Exercise aim >>
All of the data needs to be printed again, exactly as written.

== Available data ==

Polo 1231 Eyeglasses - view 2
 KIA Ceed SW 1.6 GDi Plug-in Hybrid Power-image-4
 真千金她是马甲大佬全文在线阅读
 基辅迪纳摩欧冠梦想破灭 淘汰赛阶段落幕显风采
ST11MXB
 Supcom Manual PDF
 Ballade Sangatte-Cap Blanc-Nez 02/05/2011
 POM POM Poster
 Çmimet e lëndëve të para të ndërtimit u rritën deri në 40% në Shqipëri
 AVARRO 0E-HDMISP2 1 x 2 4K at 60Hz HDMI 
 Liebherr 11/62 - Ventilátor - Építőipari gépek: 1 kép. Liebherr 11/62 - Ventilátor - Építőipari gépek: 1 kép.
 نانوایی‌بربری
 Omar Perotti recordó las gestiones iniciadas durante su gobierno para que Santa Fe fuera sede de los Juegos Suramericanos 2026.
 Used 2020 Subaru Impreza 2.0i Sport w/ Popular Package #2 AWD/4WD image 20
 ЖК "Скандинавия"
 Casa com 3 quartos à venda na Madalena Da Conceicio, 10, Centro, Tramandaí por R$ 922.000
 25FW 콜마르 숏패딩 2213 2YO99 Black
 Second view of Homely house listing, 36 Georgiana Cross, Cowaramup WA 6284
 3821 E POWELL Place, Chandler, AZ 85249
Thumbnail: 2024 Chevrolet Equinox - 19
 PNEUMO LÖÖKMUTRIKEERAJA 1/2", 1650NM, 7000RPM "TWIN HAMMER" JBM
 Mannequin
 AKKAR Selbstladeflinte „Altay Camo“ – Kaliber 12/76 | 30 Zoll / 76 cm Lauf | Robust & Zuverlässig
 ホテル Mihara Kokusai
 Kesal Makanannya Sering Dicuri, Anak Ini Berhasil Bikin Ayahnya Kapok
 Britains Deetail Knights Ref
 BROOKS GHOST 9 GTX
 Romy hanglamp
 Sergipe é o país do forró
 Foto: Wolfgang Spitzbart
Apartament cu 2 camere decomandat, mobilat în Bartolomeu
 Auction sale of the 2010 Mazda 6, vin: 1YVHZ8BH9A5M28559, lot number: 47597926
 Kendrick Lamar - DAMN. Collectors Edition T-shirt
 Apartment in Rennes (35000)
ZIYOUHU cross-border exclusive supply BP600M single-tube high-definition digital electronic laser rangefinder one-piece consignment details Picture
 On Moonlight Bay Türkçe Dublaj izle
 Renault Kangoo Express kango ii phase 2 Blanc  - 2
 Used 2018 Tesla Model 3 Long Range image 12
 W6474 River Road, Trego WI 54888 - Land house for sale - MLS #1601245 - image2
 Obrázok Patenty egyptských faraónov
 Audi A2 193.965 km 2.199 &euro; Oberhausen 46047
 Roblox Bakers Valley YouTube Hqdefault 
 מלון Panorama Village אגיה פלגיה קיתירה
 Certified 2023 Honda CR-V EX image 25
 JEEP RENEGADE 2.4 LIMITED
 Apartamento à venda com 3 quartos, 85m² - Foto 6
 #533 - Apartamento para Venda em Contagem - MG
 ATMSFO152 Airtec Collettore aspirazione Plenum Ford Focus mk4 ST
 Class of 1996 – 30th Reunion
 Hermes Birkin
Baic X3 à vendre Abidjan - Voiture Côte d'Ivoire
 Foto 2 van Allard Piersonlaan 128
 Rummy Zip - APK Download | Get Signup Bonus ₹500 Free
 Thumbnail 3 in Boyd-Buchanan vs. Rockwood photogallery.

===

Response for this exercise >>
Polo 1231 Eyeglasses - view 2
 KIA Ceed SW 1.6 GDi Plug-in Hybrid Power-image-4
 真千金她是马甲大佬全文在线阅读
 基辅迪纳摩欧冠梦想破灭 淘汰赛阶段落幕显风采
ST11MXB
 Supcom Manual PDF
 Ballade Sangatte-Cap Blanc-Nez 02/05/2011
 POM POM Poster
 Çmimet e lëndëve të para të ndërtimit u rritën deri në 40% në Shqipëri
 AVARRO 0E-HDMISP2 1 x 2 4K at 60Hz HDMI 
 Liebherr 11/62 - Ventilátor - Építőipari gépek: 1 kép. Liebherr 11/62 - Ventilátor - Építőipari gépek: 1 kép.
 نانوایی‌بربری
 Omar Perotti recordó las gestiones iniciadas durante su gobierno para que Santa Fe fuera sede de los Juegos Suramericanos 2026.
 Used 2020 Subaru Impreza 2.0i Sport w/ Popular Package #2 AWD/4WD image 20
 ЖК "Скандинавия"
 Casa com 3 quartos à venda na Madalena Da Conceicio, 10, Centro, Tramandaí por R$ 922.000
 25FW 콜마르 숏패딩 2213 2YO99 Black
 Second view of Homely house listing, 36 Georgiana Cross, Cowaramup WA 6284
 3821 E POWELL Place, Chandler, AZ 85249
Thumbnail: 2024 Chevrolet Equinox - 19
 PNEUMO LÖÖKMUTRIKEERAJA 1/2", 1650NM, 7000RPM "TWIN HAMMER" JBM
 Mannequin
 AKKAR Selbstladeflinte „Altay Camo“ – Kaliber 12/76 | 30 Zoll / 76 cm Lauf | Robust & Zuverlässig
 ホテル Mihara Kokusai
 Kesal Makanannya Sering Dicuri, Anak Ini Berhasil Bikin Ayahnya Kapok
 Britains Deetail Knights Ref
 BROOKS GHOST 9 GTX
 Romy hanglamp
 Sergipe é o país do forró
 Foto: Wolfgang Spitzbart
Apartament cu 2 camere decomandat, mobilat în Bartolomeu
 Auction sale of the 2010 Mazda 6, vin: 1YVHZ8BH9A5M28559, lot number: 47597926
 Kendrick Lamar - DAMN. Collectors Edition T-shirt
 Apartment in Rennes (35000)
ZIYOUHU cross-border exclusive supply BP600M single-tube high-definition digital electronic laser rangefinder one-piece consignment details Picture
 On Moonlight Bay Türkçe Dublaj izle
 Renault Kangoo Express kango ii phase 2 Blanc  - 2
 Used 2018 Tesla Model 3 Long Range image 12
 W6474 River Road, Trego WI 54888 - Land house for sale - MLS #1601245 - image2
 Obrázok Patenty egyptských faraónov
 Audi A2 193.965 km 2.199 &euro; Oberhausen 46047
 Roblox Bakers Valley YouTube Hqdefault 
 מלון Panorama Village אגיה פלגיה קיתירה
 Certified 2023 Honda CR-V EX image 25
 JEEP RENEGADE 2.4 LIMITED
 Apartamento à venda com 3 quartos, 85m² - Foto 6
 #533 - Apartamento para Venda em Contagem - MG
 ATMSFO152 Airtec Collettore aspirazione Plenum Ford Focus mk4 ST
 Class of 1996 – 30th Reunion
 Hermes Birkin
Baic X3 à vendre Abidjan - Voiture Côte d'Ivoire
 Foto 2 van Allard Piersonlaan 128
 Rummy Zip - APK Download | Get Signup Bonus ₹500 Free
 Thumbnail 3 in Boyd-Buchanan vs. Rockwood photogallery.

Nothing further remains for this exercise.